What you have to keep in mind is that you lock your elbows. We always use 2 people, a 3rd bracing them from behind if there is a power break with more than 2 boards.
Also, not looking at the breaker helps to not anticipate the impact, so you don't flinch. 

But after a few hours of holding, the fingers certainly take a beating.

I have held 3 boards before (and I am not very big)


----------



## buddyjames (Jun 4, 2011)

jthomas1600 said:


> I'm just kind of wondering what everyone's experience with this is. Neither my son or I have held boards before and last night the instructor called me up to break with a tornado kick... which is not my best kick and I had been sitting on my knees (I'm 44). So to pull this off cold and unexpected like this with no warm ups is going to be extremely challenging but then he asked my 15 year old son to hold the board. Yes....I kicked his hand the first time. It was the first time I felt a lot of pressure in a board breaking situation. Then I held for him doing a jumping spinning back kick.
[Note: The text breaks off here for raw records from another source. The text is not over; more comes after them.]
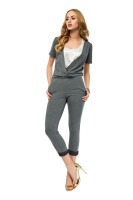 Damen Eleganter Overall Sportlich bequem Einteiler 6/8 V-Ausschnitt;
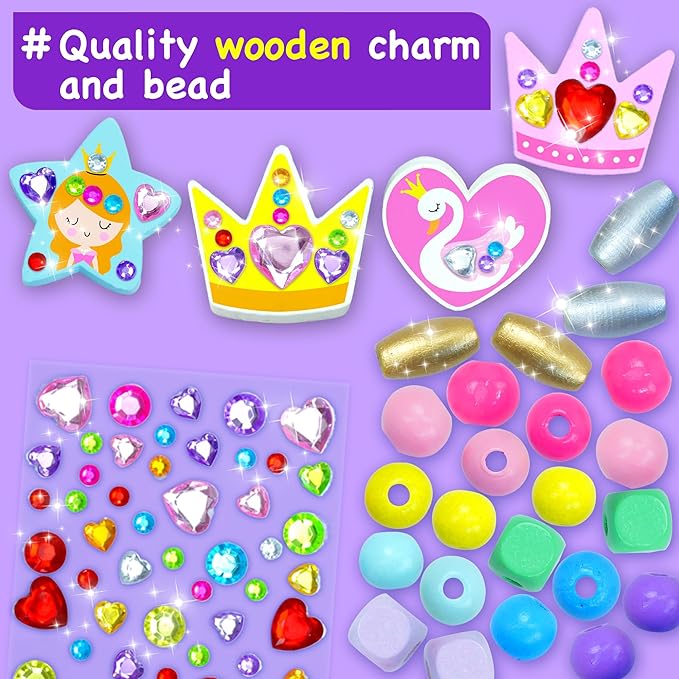 EZCRA Kids Bracelet Making Kit – Make 14 Jewelry Kit for Girls Age 5 - Beads for Kids - Friendship Bracelet Craft Set - Easy DIY Bracelet Kit, Gift for Girls 4-6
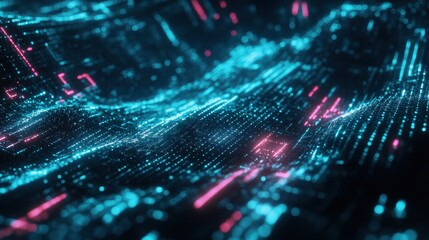 Poster - A digital landscape of glowing data streams in vibrant colors, representing technology and innovation.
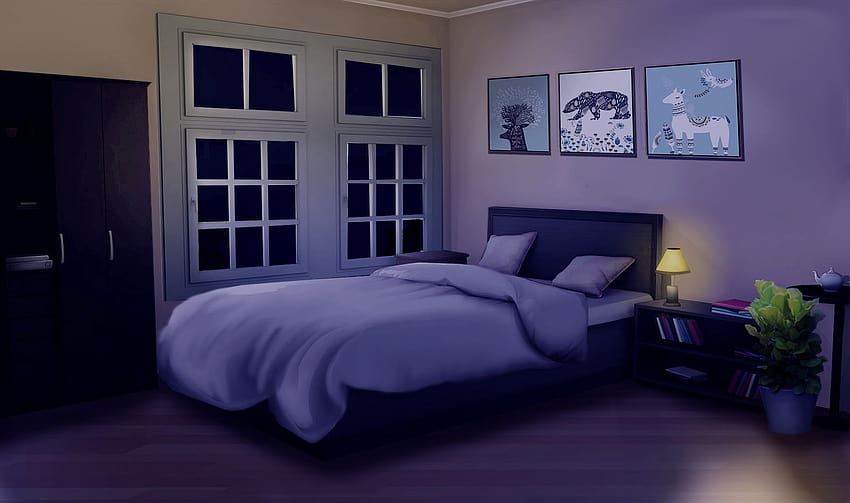 Pin de XxOutOfControlxX em Scenery em 2020, アニメ ベッドルーム ベッド 高画質の壁紙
I was really worried I would somehow mess it up for him, but he pulled it off on the second attempt.
> 
> What's your experience with this?




breaking boards is stupid.... done.


----------



## dancingalone (Jun 4, 2011)

buddyjames said:


> breaking boards is stupid.... done.



No, it is not.  It might not be your cup of tea which is fine.  

Occasional breaking is a fine way of gauging your progression in power and technique refinement.  You can't chop someone in the neck and watch them topple over, but you sure can see if you can smash a couple of boards with the same strike.  Breaking boards is just another tool to help a martial artist get better, similar to working a heavy bag or a makiwara.


----------



## granfire (Jun 4, 2011)

buddyjames said:


> breaking boards is stupid.... done.



Breaking will reveal if your technique is correct. You don't tighten your hand muscles you will hurt yourself, you do some funky stuff on a kick, weird angles, etc, you won't break.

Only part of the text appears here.